Problem description —
Word for word, please restate the lines from the beginning of the data through the line in which "Alles nur gespielt?" appears.

Input for this task Start Marker

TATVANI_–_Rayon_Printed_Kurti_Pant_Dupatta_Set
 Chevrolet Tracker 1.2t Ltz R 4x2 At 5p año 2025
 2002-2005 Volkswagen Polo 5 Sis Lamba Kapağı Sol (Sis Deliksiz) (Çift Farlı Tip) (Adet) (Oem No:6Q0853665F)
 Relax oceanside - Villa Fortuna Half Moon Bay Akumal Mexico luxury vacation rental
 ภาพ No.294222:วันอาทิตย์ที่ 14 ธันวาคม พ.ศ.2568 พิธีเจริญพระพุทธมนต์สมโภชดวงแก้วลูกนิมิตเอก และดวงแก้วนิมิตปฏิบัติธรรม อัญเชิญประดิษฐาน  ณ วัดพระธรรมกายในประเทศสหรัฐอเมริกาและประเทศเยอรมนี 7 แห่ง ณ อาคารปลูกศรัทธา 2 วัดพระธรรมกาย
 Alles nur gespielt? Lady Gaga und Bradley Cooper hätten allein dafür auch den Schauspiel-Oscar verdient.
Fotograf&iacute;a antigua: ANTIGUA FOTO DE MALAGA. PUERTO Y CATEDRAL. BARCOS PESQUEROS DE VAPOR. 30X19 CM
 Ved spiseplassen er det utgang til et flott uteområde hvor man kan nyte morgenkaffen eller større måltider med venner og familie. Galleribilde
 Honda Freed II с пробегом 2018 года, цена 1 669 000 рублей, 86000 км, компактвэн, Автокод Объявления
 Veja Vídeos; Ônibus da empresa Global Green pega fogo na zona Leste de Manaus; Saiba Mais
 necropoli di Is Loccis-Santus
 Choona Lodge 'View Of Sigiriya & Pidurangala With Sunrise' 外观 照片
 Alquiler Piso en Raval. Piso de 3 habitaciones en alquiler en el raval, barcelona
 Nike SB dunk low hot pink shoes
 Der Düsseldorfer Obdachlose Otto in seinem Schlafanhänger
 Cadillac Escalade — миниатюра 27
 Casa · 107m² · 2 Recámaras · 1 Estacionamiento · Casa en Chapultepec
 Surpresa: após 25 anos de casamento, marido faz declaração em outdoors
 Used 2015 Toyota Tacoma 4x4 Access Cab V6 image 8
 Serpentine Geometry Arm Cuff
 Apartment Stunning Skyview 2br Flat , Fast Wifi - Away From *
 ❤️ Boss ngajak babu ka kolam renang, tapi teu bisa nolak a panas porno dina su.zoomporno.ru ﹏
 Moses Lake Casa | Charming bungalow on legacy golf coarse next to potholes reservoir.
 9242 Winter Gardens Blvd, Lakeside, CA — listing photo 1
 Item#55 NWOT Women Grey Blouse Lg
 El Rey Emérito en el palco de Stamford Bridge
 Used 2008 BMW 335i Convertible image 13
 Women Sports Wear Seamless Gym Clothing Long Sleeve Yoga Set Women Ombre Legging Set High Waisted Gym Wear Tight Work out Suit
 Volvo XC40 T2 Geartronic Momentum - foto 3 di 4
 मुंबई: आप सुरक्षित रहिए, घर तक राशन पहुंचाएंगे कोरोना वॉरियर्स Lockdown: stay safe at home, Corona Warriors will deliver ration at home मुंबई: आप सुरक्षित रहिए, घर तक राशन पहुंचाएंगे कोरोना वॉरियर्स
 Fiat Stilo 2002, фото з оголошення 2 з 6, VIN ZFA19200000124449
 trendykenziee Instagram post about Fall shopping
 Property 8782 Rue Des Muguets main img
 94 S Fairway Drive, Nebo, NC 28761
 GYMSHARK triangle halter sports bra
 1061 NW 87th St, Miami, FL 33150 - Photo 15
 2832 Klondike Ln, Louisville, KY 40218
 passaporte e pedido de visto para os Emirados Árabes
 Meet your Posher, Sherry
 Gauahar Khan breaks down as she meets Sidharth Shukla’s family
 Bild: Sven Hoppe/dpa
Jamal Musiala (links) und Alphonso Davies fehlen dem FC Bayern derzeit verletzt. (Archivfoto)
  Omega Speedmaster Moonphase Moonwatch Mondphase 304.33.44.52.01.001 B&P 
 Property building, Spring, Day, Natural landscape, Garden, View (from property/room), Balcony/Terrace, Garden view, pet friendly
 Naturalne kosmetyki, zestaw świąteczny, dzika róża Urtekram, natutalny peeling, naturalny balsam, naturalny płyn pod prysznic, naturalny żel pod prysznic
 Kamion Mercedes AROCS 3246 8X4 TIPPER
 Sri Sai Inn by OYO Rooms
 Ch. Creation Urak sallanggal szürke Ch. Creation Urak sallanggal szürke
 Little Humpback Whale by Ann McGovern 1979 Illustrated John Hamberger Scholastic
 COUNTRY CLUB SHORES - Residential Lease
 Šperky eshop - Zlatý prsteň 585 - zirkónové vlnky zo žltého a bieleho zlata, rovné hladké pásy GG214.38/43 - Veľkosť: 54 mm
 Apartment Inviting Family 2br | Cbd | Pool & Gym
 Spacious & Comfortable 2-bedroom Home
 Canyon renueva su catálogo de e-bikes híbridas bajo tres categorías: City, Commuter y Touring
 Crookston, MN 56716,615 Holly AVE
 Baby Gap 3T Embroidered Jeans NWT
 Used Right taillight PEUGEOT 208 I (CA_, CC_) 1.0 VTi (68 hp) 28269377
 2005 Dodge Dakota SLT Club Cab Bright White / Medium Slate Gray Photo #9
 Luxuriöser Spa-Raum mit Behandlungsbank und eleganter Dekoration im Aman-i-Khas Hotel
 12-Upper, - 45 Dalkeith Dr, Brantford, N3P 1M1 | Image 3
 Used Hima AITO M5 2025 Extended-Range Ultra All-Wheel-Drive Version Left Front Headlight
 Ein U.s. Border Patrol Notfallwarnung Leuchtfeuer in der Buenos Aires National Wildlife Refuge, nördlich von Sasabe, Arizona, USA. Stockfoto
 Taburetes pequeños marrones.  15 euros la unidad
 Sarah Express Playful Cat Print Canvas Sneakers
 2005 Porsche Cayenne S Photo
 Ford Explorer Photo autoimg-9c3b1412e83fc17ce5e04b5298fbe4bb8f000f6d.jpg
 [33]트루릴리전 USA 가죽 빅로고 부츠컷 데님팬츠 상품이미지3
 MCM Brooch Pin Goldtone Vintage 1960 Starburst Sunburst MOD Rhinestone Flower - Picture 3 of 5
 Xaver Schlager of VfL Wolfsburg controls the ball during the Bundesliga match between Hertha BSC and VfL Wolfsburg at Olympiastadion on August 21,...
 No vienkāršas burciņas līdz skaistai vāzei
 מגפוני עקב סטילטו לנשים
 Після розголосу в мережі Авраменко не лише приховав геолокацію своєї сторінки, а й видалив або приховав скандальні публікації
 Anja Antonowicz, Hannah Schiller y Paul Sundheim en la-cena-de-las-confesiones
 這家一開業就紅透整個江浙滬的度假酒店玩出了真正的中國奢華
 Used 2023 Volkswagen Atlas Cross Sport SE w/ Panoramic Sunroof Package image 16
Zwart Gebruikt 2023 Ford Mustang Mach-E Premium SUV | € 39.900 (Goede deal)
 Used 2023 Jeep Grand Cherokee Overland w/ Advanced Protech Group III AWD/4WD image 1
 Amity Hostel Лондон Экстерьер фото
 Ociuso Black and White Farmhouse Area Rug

Input for this task End Marker

Output below —
TATVANI_–_Rayon_Printed_Kurti_Pant_Dupatta_Set
 Chevrolet Tracker 1.2t Ltz R 4x2 At 5p año 2025
 2002-2005 Volkswagen Polo 5 Sis Lamba Kapağı Sol (Sis Deliksiz) (Çift Farlı Tip) (Adet) (Oem No:6Q0853665F)
 Relax oceanside - Villa Fortuna Half Moon Bay Akumal Mexico luxury vacation rental
 ภาพ No.294222:วันอาทิตย์ที่ 14 ธันวาคม พ.ศ.2568 พิธีเจริญพระพุทธมนต์สมโภชดวงแก้วลูกนิมิตเอก และดวงแก้วนิมิตปฏิบัติธรรม อัญเชิญประดิษฐาน  ณ วัดพระธรรมกายในประเทศสหรัฐอเมริกาและประเทศเยอรมนี 7 แห่ง ณ อาคารปลูกศรัทธา 2 วัดพระธรรมกาย
 Alles nur gespielt? Lady Gaga und Bradley Cooper hätten allein dafür auch den Schauspiel-Oscar verdient.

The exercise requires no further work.